Gerçeğin Parçaları-Daniel Woodrell



Sayfa Sayısı: 256
Baskı Yılı: 2016

16 yaşındaki Ree Dolly'nin babası, metamfetamin laboratuvarı işlettiğine dair suçlamalardan kefaletle serbest kalıyor ve hemen ardından ortadan kayboluyor. Fakat 1 hafta sonraki duruşmaya katılmayacak olursa, ailesinin tek varlığı olan evlerinin elinden alınacağına karar verilmiş.

Hasta annesi ve 2 küçük erkek kardeşi ile bir başına yaşam mücadelesi vermek zorunda kalan Ree, 1 hafta içinde babasını ölü ya da diri, mutlaka bulmak zorunda. Ree Dolly, babasına ulaşabilmek için aile büyüklerine başvuruyor fakat çok farklı ve ürkütücü gerçeklerle yüz yüze kalıyor.

Aynı isimle sinemaya da uyarlanan, dört dalda Oscar'a aday gösterilen ve başta Sundance Film Festivali Büyük Jüri Ödülü olmak üzere pek çok ödül kazanan Gerçeğin Parçaları; metanet, cesaret ve çetin yaşam şartlarının acısıyla yüzleşme isteği etrafında gelişen bir hayatta kalma hikâyesi.

Nasıl Kadın Olunur- Caitlin Moran



Sayfa Sayısı: 344
Baskı Yılı: 2013

Simone de Beauvoir, "Kadın doğulmaz; kadın olunur" demişti; hepsi bu olsa iyi...
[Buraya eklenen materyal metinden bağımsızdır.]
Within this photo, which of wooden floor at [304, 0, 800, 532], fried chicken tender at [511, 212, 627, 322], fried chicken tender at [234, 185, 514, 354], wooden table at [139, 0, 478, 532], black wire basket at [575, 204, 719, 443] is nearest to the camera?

Nasıl Kadın Olunur?, benim kadın olmayı yanlış anladığım onca zamanın öyküsünü anlatıyor. Evet, eski moda feminist "yükselen bilinçlilik" hâlâ büyük değer taşıyor. Ama ne zaman ki konu kürtaj, kozmetik mucizeleri, doğum, annelik, seks, aşk, iş, kadın düşmanlığı, korku ya da kendi teninin altında nasıl hissettiğine gelse, kadınlar, çok ama çok sarhoş olmadıkça birbirlerine genellikle doğruyu söylemez.
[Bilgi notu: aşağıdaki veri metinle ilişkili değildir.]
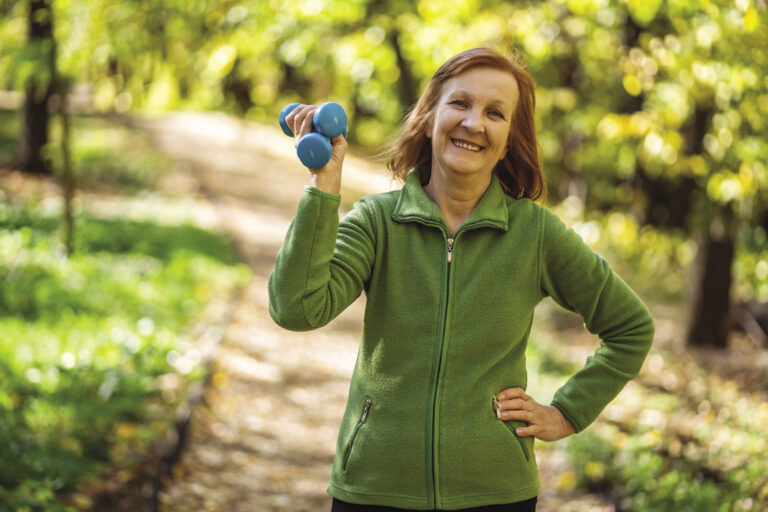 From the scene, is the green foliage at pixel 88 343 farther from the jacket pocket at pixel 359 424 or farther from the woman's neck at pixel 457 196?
the woman's neck at pixel 457 196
Renkli kişiliği, çılgın fikirleri, samimi üslubu ile tanınan ve doğruları söylemekten vazgeçmeyen biri olan Caitlin Moran, 2010'da İngiltere'de yılın köşe yazarı ödülünü aldı. 2011'de Times'taki yazıları nedeniyle yılın eleştirmeni ve röportaj gazetecisi seçildi.
Caitlin Moran'ın Nasıl Kadın Olunur'unu sevmek için o kadar çok sebep var ki…

Cinsiyetçiliğe öylesine muhteşem bir şekilde direniyor ki bunu neredeyse fark etmiyorsunuz bile... Mutlaka okunmalı.
New York Times

Moran'ın zekası baştan çıkarıcı.
The New Yorker

Müthiş eğlenceli... Moran eşsiz diliyle okurlarını hem eğlendiriyor hem de bilgilendiriyor...
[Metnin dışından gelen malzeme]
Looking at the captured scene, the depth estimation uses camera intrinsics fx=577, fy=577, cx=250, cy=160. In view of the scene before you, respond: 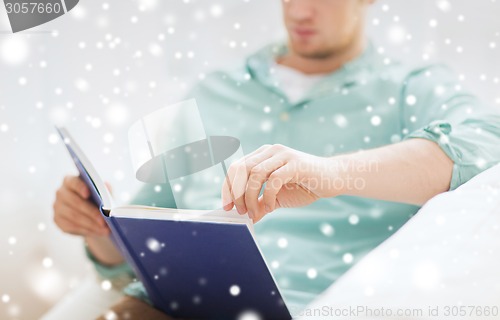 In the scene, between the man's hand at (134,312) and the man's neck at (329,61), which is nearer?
the man's hand at (134,312)

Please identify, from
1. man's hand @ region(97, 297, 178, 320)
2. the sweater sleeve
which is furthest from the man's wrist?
man's hand @ region(97, 297, 178, 320)

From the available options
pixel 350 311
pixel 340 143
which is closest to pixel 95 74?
pixel 340 143

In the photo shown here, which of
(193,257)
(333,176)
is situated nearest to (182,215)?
(193,257)

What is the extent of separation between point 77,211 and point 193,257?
9.1 inches

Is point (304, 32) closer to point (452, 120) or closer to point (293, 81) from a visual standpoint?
point (293, 81)

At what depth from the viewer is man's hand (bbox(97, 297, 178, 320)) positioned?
827mm

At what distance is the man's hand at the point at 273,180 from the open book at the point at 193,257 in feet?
0.08

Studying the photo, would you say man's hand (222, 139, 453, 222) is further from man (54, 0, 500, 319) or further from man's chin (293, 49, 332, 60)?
man's chin (293, 49, 332, 60)

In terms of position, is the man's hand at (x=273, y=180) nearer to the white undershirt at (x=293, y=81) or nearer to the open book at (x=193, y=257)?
the open book at (x=193, y=257)

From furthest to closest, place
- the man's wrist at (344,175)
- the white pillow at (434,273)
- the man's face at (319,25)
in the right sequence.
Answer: the man's face at (319,25), the man's wrist at (344,175), the white pillow at (434,273)

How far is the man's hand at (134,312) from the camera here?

Feminizm militanlığı yapmıyor, feminizmi insancıllaştırıyor.
Publishers Weekly

Ben, Malala-Malala Yousafzal



Sayfa Sayısı: 392

2014 Nobel Barış Ödülü'nün sahibi Malala Yusufzay'ın otobiyografisi BEN, MALALA tek bir insanın sesinin bile dünyaya değişim yönünde ne kadar büyük bir ilham verebileceğini kanıtlıyor…

Taliban kuvvetleri Pakistan'ın Svat Vadisi'ni kontrol altına aldığında, küçük bir kız hiç korkmadan düşüncelerini dile getirdi. Malala Yusafzay susturulmayı reddederek eğitim hakkı için mücadeleye girişti.

9 Ekim 2012 Salı günü, 15 yaşındayken, neredeyse bunu canıyla ödüyordu. Okul servisiyle eve dönerken, yakın mesafeden açılan bir ateşle başından vurulmuştu.

Malala'nın mucizevi şekilde hayatta kalıp iyileşmesi, onu Kuzey Pakistan'daki ücra bir vadiden New York'taki Birleşmiş Milletler binasının koridorlarına uzanan olağanüstü bir yolculuğa çıkardı. Malala 16 yaşında, barışçıl protesto eylemlerinin dünya çapında sembolü ve Nobel Barış Ödülü'nü kazanan en genç isim oldu.